Nevertheless, one of the fundamental steps that needs to be taken when data is stored in a database system is to define its proper data type and length. By specifying the proper data type for each column when a table is created, the DBMS automatically ensures that only the correct type of data is stored in that column. Processes that attempt to insert or update the data to a non-conforming value will be rejected. Furthermore, a maximum length is assigned to the column (for some data types) to prohibit larger values from being stored in the table.
It is usually the DBA that must choose the data type and length of each column, unless a data architect has provided a data model for the DBA. And even then, there may be changes needed when translating the logical model to a physical implementation. The general rule of thumb should be to always choose the data type that most closely matches the domain of correct values for the column. In general, adhere to the following rules:
- If the data is numeric, favor SMALLINT, INTEGER, or DECIMAL data types. FLOAT is also an option for very large numbers.
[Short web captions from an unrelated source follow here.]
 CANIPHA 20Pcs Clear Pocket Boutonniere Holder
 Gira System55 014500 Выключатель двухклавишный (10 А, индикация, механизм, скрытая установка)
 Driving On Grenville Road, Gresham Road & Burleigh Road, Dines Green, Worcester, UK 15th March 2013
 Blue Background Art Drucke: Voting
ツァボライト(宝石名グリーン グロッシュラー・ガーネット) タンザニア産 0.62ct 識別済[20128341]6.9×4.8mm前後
- If the data is character, use CHAR or VARCHAR data types.
- If the data is date and time, use DATE, TIME, or TIMESTAMP data types.
- If the data is multimedia, use GRAPHIC, VARGRAPHIC, BLOB, CLOB, or DBCLOB data types.
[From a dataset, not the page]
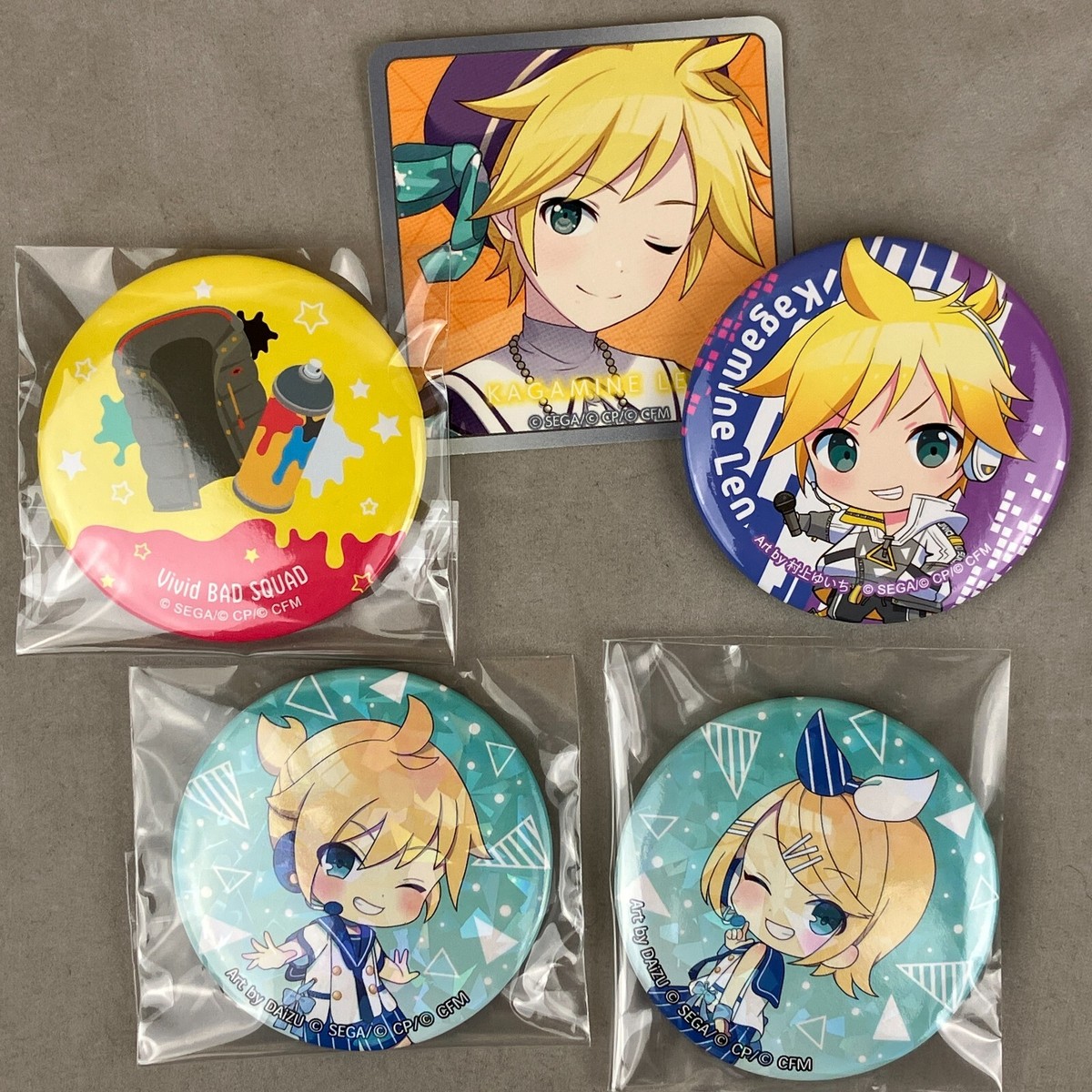 Project Sekai Vocaloid Kagamine Len Rin Anime Goods Lot Can Badge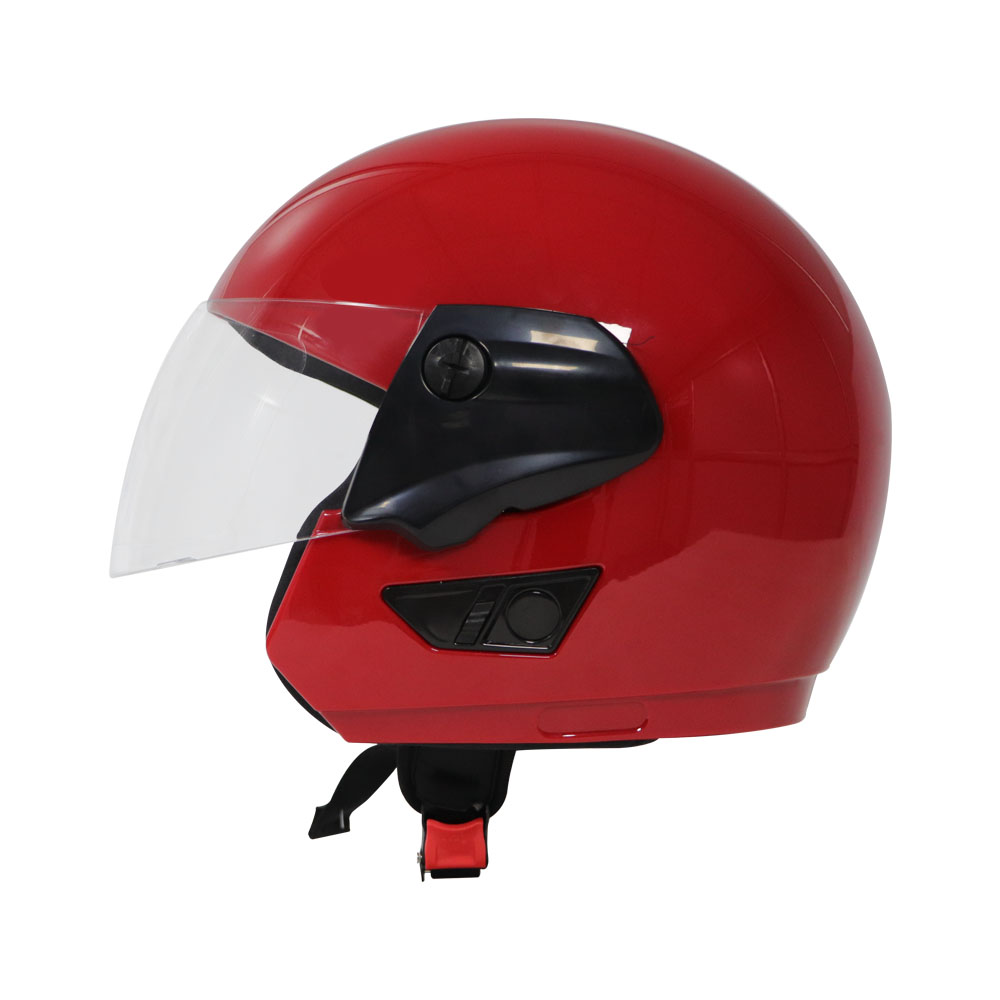 TVS Cruiser Red Half Face Helmet – ISI Certified Safety & Premium Comfort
The actual name of the data types may vary from DBMS to DBMS, but the general rules above should apply. Unfortunately, these rules are not always adhered to. I do not know why using improper data types is such a widespread practice, but I can guarantee you that it is.
One of the most common data type problems is storing dates in character columns. This causes all sorts of issues. Yes, every DBMS product supports date/time data a little bit differently, but they all provide the following benefits that you don’t get storing your dates in character columns:
- Assuring only date and time data can be stored in the column. The DBMS will not permit a non-date value in a column defined with a date data type.
- Date/time columns can participate in date and time arithmetic. Adding one date to another or subtracting a duration from a date is difficult to program if the data is not stored as a date.
- Every DBMS provides a vast array of built-in functions that operate on and transform date and time values.
- Date/time columns can be formatted in multiple ways by the DBMS using built-in commands or functions.
So, the next time you see a character date column containing '02302022' or something even more nonsensical, blame the database schema—or the DBA who created that schema.
Another common mistake is to define numeric data as character. For example, consider the following scenario. A four-byte code is required to identify an entity; all of the codes are numeric and will stay that way. But, for reporting purposes, users wish the codes print out with leading zeroes. Should the column be defined as CHAR(4) or SMALLINT?
Without proper edit checks, inserts and updates could place invalid alphabetic characters into the product code. This is a valid concern if ad hoc data modifications are permitted. Although this may be rare in your production databases, data integrity issues can still arise if proper edit checks are not coded into every program that can modify the data. But just specifying a numeric data type puts the onus on the DBMS, where it should be, to assure that the data is numeric only.
Choosing the wrong data type can impact performance, too. Relational optimizers can do a better job of calculating filter factors and building proper access paths when columns are defined according to their domains. Consider our example again. There are many more possible values for a CHAR(4) column than a SMALLINT column. Even if programmatic edit checks are coded for each, most optimizers are not aware of them and will assume that all combinations of characters are permitted.
But what about those leading zeroes? If the data is stored in a CHAR(4) column we can just input the data with leading zeroes and then they will always be there. Well, this “problem” can be solved using other methods. Better to transform the data when it is accessed than trying to store it that way in the first place. After all, most reporting and query tools have features that will automatically insert those leading zeroes. And if you are accessing the data using a program, it is easy to insert leading zeroes when you need them, right?
We have only discussed a couple of the potential problems caused by bad data types. In general, it is best to assign your columns the data type (and length) that best matches the values in its domain. Choosing proper data types will improve data quality and the decisions made using that data.